I would like a medium-magic fantasy campaign setting...where the "good" guys, are losing. Whole cities in ruin, countries fallen to evil humanoids, a nation of evil dragons, a wasteland of barbarian tribes...and a few very large, well defended bastions of hope.

A few rare places where the dream lives on. Making magic items would be fine, but buying them would be very difficult (limited resources). Tons of fallen cities to explore for lost artifacts. Travel is anything but automatic...with large teleportation gates linking distant cities, but traveling outside the city walls is risking death or worse.

All hope is NOT gone, but boy, is it ever flagging.

Baronies would be available to anyone strong enough to clean out and hold a piece of land...offering every adventurer the chance to become nobility.

Hmm...I think I just came up with my next homebrew setting.
 

3catcircus said:
No reason why FR can't be as open as you want, either. In the campaign I run, I pretty much ignore anything/everything from the novels to make the world conform to my vision.
Except that, IME, FR fans throw a hissy fit if I say that Bob is the leader of Townsville, when it's completely clear from page 246 of the Chipendale supplement that Fred is the leader of Townsville, and furthermore, he's a half-ogre were-boar Sor5/Brd15/Wiz2/Bbn7.

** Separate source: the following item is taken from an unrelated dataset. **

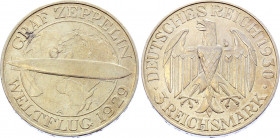 Germany - Weimar Republic 3 Reichsmark 1930 A
KM# 67; Silver; Flight of the Graf Zeppelin; XF+/AUNC-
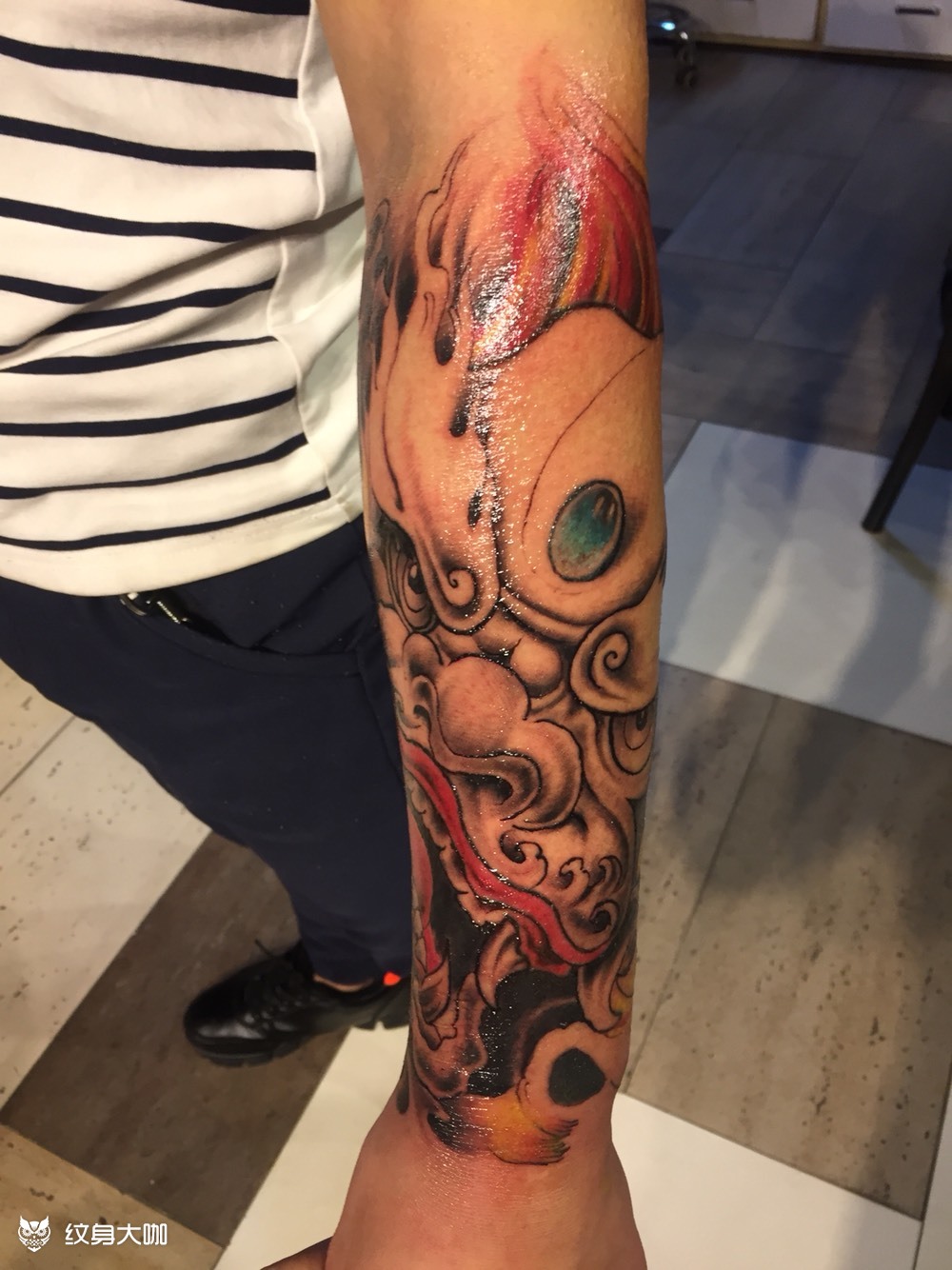 小臂福狮_纹身图案手稿图片_sun·tattoo的纹身作品集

FR canon plays hell with my allergies.
 


Felix said:
If not, then pick one from the Setting Search they did a few years ago, since they still have total rights to them. Choose one that lacks the High Levelness of the Forgotten Realms and the Magic-Tech of Eberron; I'm sure they were offered a good setting with something new as its catch. Use it.
IIRC, they have the rights to the top three (of which Eberron was No 1, obviously). They other reverted to their authors, and several have since been released as OGL or STL products (Dawnforge, for example).


glass.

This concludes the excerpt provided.